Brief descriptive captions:
════════════════

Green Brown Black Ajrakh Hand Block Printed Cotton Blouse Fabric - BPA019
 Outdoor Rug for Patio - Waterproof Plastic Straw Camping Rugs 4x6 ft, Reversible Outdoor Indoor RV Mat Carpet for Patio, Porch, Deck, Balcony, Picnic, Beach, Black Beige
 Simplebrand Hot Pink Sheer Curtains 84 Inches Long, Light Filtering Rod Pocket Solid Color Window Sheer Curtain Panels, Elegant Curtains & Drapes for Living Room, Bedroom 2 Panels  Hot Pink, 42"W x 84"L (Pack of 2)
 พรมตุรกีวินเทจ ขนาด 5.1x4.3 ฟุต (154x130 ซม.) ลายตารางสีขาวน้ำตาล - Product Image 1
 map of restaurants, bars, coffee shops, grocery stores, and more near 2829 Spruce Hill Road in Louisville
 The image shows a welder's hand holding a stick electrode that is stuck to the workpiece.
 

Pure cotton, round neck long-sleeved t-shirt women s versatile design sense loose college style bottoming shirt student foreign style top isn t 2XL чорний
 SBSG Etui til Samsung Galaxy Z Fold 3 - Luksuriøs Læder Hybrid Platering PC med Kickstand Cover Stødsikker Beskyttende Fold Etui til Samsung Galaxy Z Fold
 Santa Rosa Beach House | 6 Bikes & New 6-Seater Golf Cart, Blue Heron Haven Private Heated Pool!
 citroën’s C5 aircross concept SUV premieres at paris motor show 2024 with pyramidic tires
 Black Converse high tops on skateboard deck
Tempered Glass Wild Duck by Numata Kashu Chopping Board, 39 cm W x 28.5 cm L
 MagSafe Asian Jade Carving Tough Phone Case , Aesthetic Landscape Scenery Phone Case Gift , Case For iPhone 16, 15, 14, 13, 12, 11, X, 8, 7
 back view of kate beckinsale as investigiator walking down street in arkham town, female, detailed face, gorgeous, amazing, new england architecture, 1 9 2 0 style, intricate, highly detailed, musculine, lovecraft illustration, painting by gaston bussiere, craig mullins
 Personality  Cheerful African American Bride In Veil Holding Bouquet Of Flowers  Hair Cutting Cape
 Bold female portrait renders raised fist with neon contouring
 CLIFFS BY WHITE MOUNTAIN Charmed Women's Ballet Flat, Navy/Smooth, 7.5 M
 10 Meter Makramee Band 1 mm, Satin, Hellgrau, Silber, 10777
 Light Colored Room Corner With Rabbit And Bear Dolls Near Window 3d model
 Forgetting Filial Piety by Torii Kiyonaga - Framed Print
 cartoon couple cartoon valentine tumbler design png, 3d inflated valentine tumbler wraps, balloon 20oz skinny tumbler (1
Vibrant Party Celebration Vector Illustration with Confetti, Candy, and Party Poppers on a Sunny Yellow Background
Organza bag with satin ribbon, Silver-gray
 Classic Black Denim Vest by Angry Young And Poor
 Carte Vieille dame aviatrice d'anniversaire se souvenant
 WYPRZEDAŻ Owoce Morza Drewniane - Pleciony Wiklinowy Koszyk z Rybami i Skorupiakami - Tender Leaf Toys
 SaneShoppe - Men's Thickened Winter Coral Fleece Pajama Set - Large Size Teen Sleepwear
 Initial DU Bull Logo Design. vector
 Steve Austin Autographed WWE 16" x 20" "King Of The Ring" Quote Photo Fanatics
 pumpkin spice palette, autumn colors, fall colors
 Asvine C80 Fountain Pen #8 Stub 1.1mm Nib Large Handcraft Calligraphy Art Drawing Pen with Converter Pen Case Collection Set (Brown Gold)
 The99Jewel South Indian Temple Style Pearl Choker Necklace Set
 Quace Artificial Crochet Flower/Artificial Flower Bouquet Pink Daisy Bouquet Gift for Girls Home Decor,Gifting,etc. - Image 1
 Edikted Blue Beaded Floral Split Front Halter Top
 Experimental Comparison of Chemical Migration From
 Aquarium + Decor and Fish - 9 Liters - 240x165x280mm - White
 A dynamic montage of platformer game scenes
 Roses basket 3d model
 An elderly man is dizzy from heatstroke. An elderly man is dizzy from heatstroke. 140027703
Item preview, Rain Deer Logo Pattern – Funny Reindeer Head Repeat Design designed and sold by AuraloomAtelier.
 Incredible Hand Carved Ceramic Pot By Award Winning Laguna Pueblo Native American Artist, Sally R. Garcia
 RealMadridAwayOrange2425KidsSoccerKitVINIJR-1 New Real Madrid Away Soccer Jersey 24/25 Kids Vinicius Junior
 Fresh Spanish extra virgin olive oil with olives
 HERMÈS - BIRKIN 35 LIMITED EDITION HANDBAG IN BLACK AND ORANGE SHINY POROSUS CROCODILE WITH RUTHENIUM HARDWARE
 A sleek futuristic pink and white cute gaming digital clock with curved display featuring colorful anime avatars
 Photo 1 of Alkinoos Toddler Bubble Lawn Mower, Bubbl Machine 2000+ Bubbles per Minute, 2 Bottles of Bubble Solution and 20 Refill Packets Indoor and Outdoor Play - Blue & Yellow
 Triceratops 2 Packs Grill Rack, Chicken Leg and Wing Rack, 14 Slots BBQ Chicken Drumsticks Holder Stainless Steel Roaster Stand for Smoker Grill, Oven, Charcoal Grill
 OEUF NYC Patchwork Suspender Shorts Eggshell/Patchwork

════════════════

### TASK DETAILS
Reproduce, character for character, only the lines of the preceding data that start at the line with "Forgetting Filial Piety" and end at the line with "Quace Artificial Crochet", both included.

### FINISHED EXERCISE
 Forgetting Filial Piety by Torii Kiyonaga - Framed Print
 cartoon couple cartoon valentine tumbler design png, 3d inflated valentine tumbler wraps, balloon 20oz skinny tumbler (1
Vibrant Party Celebration Vector Illustration with Confetti, Candy, and Party Poppers on a Sunny Yellow Background
Organza bag with satin ribbon, Silver-gray
 Classic Black Denim Vest by Angry Young And Poor
 Carte Vieille dame aviatrice d'anniversaire se souvenant
 WYPRZEDAŻ Owoce Morza Drewniane - Pleciony Wiklinowy Koszyk z Rybami i Skorupiakami - Tender Leaf Toys
 SaneShoppe - Men's Thickened Winter Coral Fleece Pajama Set - Large Size Teen Sleepwear
 Initial DU Bull Logo Design. vector
 Steve Austin Autographed WWE 16" x 20" "King Of The Ring" Quote Photo Fanatics
 pumpkin spice palette, autumn colors, fall colors
 Asvine C80 Fountain Pen #8 Stub 1.1mm Nib Large Handcraft Calligraphy Art Drawing Pen with Converter Pen Case Collection Set (Brown Gold)
 The99Jewel South Indian Temple Style Pearl Choker Necklace Set
 Quace Artificial Crochet Flower/Artificial Flower Bouquet Pink Daisy Bouquet Gift for Girls Home Decor,Gifting,etc. - Image 1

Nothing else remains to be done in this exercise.